Sunday, February 25, 2018

Millet Sample

     I thought I planned ahead.  I did a Mapquest and a Google map Sunday evening.  Hind sight being twenty-twenty, I could see where I went wrong.
      I painstakingly followed the instructions, “Turn left here, go X number of miles, turn right here for X number of miles, etc.”  The peanut butter jar on the seat beside me contained millet.
     On Sunday, it warmed up enough to trek out to the grain bin with probe and jar in hand.  The sun was shining, but the southeast wind bit wherever it found bare or barely covered skin.
    Gathering a sample took some time.  The old probe has only two holes in the business end, and the ramrod holds about a tablespoon worth of grain.  It took several jabs through the “window” behind the bin door to fill the four-pound peanut butter jar.  It was too cold and icy to even think about trying to get a sample from the lids on top of the grain bin.
      So here I was, Monday, out in the middle of nowhere, some fifteen miles north of Highway 14 a dozen or so miles west of Sterling.  “Turn right, your destination is 1.5 miles on Road 13.”  Road 13 was a cow trail with some snow filling the two wheel tracks.
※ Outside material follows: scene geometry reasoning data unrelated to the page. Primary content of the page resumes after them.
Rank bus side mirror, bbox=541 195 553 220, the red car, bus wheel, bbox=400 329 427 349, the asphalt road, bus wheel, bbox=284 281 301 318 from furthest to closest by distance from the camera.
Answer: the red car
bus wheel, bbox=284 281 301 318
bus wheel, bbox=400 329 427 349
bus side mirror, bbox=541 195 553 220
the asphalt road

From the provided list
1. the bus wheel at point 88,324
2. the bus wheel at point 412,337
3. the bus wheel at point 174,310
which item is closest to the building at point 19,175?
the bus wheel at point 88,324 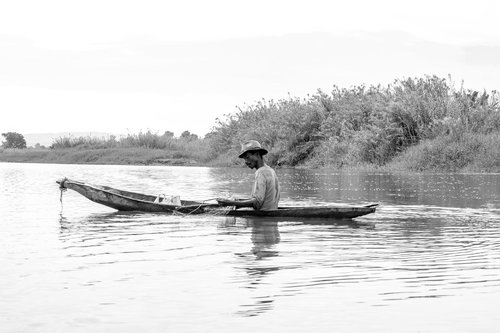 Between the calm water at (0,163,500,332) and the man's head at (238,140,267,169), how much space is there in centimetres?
99

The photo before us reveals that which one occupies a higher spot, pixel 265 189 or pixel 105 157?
pixel 105 157

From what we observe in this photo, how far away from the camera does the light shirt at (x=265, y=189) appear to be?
14078 mm

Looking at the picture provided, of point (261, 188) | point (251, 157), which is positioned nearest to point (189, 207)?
point (261, 188)

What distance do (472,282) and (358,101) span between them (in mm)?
39991

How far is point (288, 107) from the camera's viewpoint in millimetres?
52219

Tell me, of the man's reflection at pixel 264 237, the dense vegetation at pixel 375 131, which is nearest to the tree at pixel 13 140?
the dense vegetation at pixel 375 131

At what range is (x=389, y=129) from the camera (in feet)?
139

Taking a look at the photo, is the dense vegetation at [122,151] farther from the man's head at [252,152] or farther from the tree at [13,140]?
the man's head at [252,152]

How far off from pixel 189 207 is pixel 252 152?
7.58ft

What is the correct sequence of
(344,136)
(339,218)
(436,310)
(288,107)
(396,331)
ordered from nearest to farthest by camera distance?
(396,331)
(436,310)
(339,218)
(344,136)
(288,107)

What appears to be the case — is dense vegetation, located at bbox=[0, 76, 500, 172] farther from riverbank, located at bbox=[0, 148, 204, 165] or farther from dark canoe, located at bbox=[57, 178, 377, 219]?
dark canoe, located at bbox=[57, 178, 377, 219]

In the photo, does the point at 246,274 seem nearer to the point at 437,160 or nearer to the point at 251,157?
the point at 251,157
     For an instant, I thought the GPS would laugh and say “April Fools.”  Complicating matters, the gas gauge was challenging the quarter mark.  Experience told me it goes from a fourth to empty a lot faster than it goes from full to three quarters.   
     Stopped in the middle of the road, I recalculated.  No way was I going down road 13 in my little light-in-the–rear pickup.  Besides, a grain-handling facility should be visible for miles in this flat land, with tall bins and elevator shafts extending above them.  I had been looking for the last five or six miles.  Nothing to see.
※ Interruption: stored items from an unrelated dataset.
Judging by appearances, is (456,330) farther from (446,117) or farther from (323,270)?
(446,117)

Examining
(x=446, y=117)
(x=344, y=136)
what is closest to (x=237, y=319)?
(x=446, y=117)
      In pilot training, when you are lost, you contact someone on the radio and “confess”.  You outright admit you don’t know where you are or how to get where you are going.  That’s pretty hard for a pilot, that icon of self-confidence and independence, to admit.
     I called Garren.  “I’m trying to find your facility, but I think I’m on a wild-goose chase.”
     “Where are you?”
     “Road 56 and 13, north of Highway 14.”
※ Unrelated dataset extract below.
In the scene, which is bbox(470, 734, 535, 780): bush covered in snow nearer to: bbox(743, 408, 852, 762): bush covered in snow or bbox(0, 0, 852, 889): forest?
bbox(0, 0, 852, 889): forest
     “Oh, did you use GPS?”
     “Yes.”
     “Yeah, that happens.  You’re not the first one to be misled.  Somehow, they take you way out of the way.”
      That was comforting.  Misery loves company.  The grain facility was less than a half mile north of Highway 14.  I was at least 15 miles north of 14.  That quiet little voice of memory (getting quieter every year) seemed to say that Rob, former owner of the place, told me he was “just off Highway 14.”  Had I checked the website, I would have got a lot better directions than from Google or Mapquest.
      “Call me again when you get back to 14,” Garren said.  I did.  About six miles further east on 14 brought me to the River.  “Turn north on Road 15 right after you cross the bridge.”
     I did.  I was there in ten minutes from where I made the first wrong turn off of 14.  Garren took my sample and tested it.  It was dry, 9% moisture.  It weighed ok.  The biggest drawback was the wild buckwheat seed in it.  Hard to get out, he said.  Still, he was quite interested.
     He couldn’t take it until summer.  “May, June at the latest?” I asked.  “I need the bin for wheat harvest, if there is one.”  He thought that might be possible.  He’ll get back to me. 
     That’s never good news.  I’ve waited decades for some folks to get back to me. 
     Speaking of bad news, I decided to get to the now-first priority, having delivered the grain sample.  “How far do I have to go to find a gas station?”
      “Sterling is about 12 miles.  It’s the closest.”
     “How far going west?  How far is Fort Collins?”
       “About 80 miles.”  Can’t make that.  “Briggsdale has a fuel place.”  I might be able to make that. 
     Out I set, deciding to head west rather than go another 25 miles out of my way to fuel up.  At Briggsdale, I saw a truck-fueling place, but it didn’t look like it had gasoline.  The yard wasn’t paved.  It was on the brink of freezing, but it was still pretty muddy.
    I checked the gas gauge.  It was still between one-fourth and empty.  The sign said 17 miles to Ault.  On I went.  It was beginning to snow.  I still had three hours of daylight left if I had to walk.

      I stopped in Ault.  I paid $2.59 per gallon for enough regular gas to get me home.  Mission accomplished, sort of.  I made the trip.  I saw a lot of country new to me.  I did not have to take a walk carrying a gas can.
      Maybe I have a market for my millet.